-- Record excerpts follows --

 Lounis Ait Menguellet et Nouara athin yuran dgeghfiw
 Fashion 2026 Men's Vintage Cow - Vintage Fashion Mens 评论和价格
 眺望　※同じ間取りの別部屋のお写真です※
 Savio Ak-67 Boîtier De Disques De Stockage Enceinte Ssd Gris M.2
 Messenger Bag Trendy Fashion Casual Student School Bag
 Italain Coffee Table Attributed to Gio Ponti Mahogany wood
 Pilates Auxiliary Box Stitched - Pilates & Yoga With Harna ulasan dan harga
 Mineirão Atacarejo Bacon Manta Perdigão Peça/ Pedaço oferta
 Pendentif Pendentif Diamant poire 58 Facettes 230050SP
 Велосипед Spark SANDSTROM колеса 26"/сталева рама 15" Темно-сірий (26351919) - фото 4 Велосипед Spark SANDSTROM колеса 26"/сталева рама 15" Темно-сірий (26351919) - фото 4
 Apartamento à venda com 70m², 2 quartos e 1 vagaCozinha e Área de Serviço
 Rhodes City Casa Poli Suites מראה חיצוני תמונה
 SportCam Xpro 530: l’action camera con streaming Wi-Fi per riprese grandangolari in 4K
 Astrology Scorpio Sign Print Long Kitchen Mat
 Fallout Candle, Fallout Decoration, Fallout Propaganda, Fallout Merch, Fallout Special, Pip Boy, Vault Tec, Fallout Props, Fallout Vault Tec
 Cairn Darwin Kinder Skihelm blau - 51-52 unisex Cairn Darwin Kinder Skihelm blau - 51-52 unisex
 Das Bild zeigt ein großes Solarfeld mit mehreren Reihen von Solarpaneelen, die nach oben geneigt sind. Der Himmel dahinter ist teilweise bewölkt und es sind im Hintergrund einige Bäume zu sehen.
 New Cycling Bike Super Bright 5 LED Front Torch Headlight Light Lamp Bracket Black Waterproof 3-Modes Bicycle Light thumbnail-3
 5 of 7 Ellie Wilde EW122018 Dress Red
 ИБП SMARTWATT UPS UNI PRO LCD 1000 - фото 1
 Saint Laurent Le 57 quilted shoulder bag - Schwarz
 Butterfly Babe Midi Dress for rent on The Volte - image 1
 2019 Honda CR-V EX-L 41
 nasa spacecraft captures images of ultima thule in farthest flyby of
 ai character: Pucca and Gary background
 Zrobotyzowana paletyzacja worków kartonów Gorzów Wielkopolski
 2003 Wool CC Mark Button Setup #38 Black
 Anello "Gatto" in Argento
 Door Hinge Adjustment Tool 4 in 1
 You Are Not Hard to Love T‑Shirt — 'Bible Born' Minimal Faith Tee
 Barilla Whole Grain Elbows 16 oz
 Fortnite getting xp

-- Record excerpts concluded --

- What you are asked to do:
Repeat exactly the lines of the listing from its first line through the line that holds "Italain Coffee Table". Nothing else should appear.

- Solution:
 Lounis Ait Menguellet et Nouara athin yuran dgeghfiw
 Fashion 2026 Men's Vintage Cow - Vintage Fashion Mens 评论和价格
 眺望　※同じ間取りの別部屋のお写真です※
 Savio Ak-67 Boîtier De Disques De Stockage Enceinte Ssd Gris M.2
 Messenger Bag Trendy Fashion Casual Student School Bag
 Italain Coffee Table Attributed to Gio Ponti Mahogany wood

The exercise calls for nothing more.